In July 27-31, 2015 I’ll be teaching ‘Crowdsourcing Cultural Heritage’ with Ben Brumfield at the HILT Summer School (Humanities Intensive Learning + Teaching) at Indiana University-Purdue University Indianapolis (IUPUI) Indianapolis, Indiana.
Some recent papers
I’ve stopped updating this while I finish my thesis, but…
In October 2014 I gave a paper asking Where is the revolution in citizen history? The place of crowdsourcing in public history at the Public History in a Digital World: The Revolution Reconsidered conference in Amsterdam, ran a workshop on visualising collections at the Geffrye Museum and presented in an online seminar on ‘Crowdsourcing 101: Fundamentals and Case Studies’. In November 2014 I presented on Citizen History and its discontents for the IHR Digital History seminar series, launched my book, Crowdsourcing our Cultural Heritage at UCL then keynoted at New Zealand’s National Digital Forum (talking about the Participatory Commons). I was also in London for the Museums Computer Group’s UKMW14: Museums Beyond the Web. In December I presented on ‘Linking lived experiences of the First World War: a pilot with WWI collections‘ at the Trinity College Long Room Hub.

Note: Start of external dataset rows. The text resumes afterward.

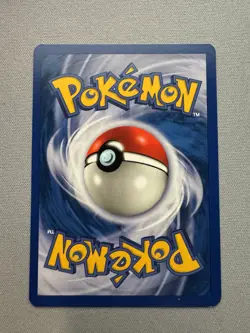 Rocket's Scizor (Winner) Stamp Pokemon: Best Of Game Promo 4 - Image 2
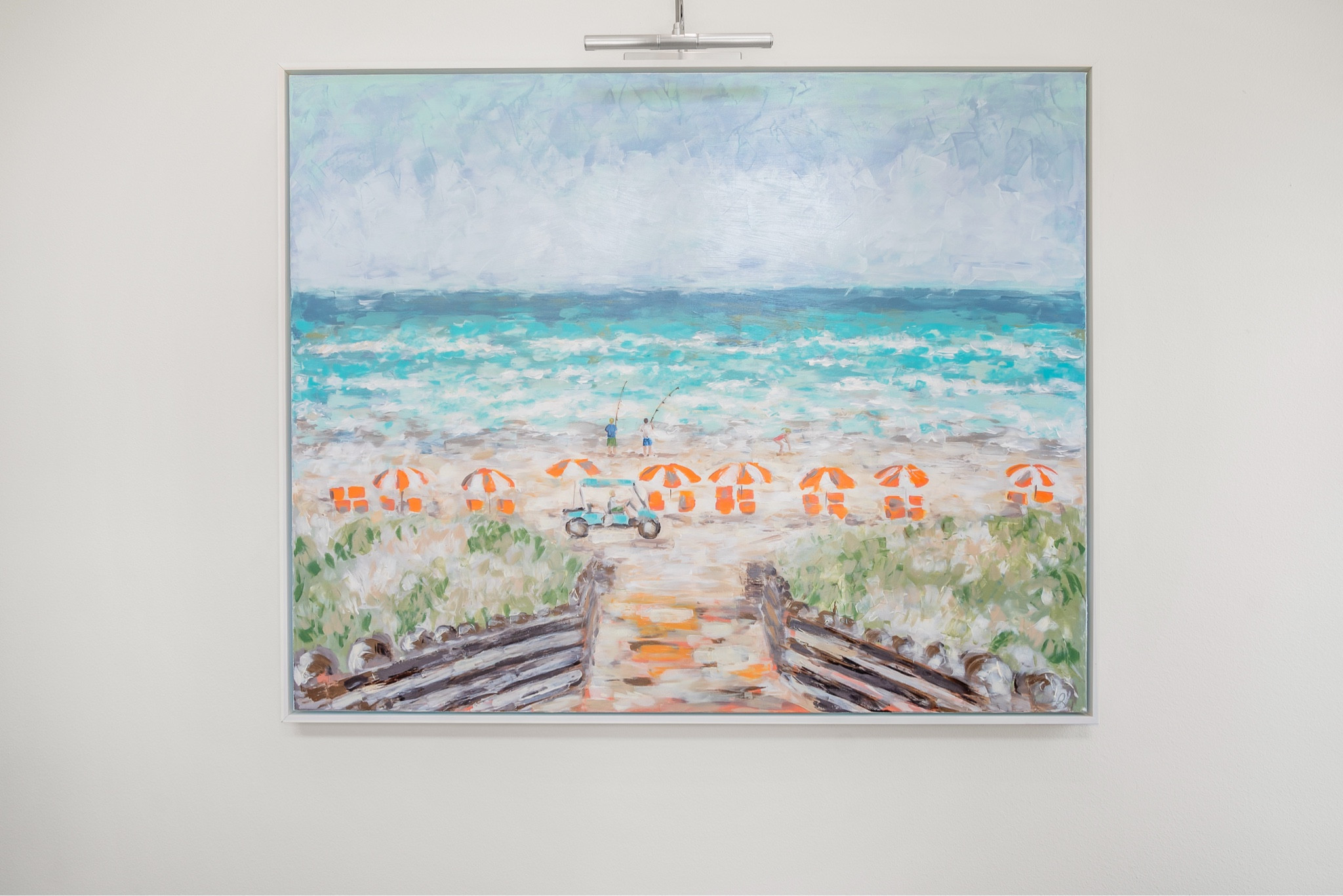 Bring the coastal charm indoors with this Cinnamon Shores beach umbrella canvas wall art. Perfect for adding a touch of seaside serenity to any room. #BeachVibes #CoastalDecor #CanvasArt #CinnamonShores #SeasideStyle #BeachUmbrella #HomeDecor #WallArt #CoastalLiving #InteriorInspo



#LTKHome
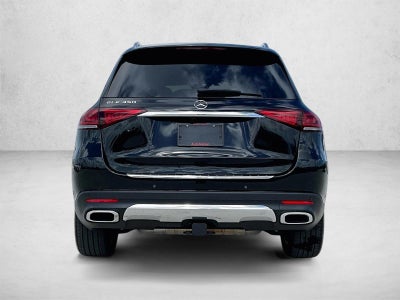 2023 Mercedes-Benz GLE GLE 350 SUV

In August 2014 I taught ‘Crowdsourcing Cultural Heritage’ with Ben Brumfield at the HILT Summer School (Humanities Intensive Learning + Teaching) at MITH in Maryland. In July I presented “Lightweight usability testing for digital humanities projects (AKA, ‘testing doesn’t have to be taxing’)” in the Introduction to Digital Humanities strand of the Digital Humanities at Oxford Summer School 2014 then I went to Lausanne to present ‘Play as Process and Product: On Making Serendip-o-matic’ at Digital Humanities 2014 with fellow alumni of 2013’s One Week One Tool. In April 2014 I was a keynote speaker at the 3rd international Sharing is Caring seminar, in May I was in Bristol for the Museums Computer Group’s Museums Get Mobile and in Boston for THATCamp NE.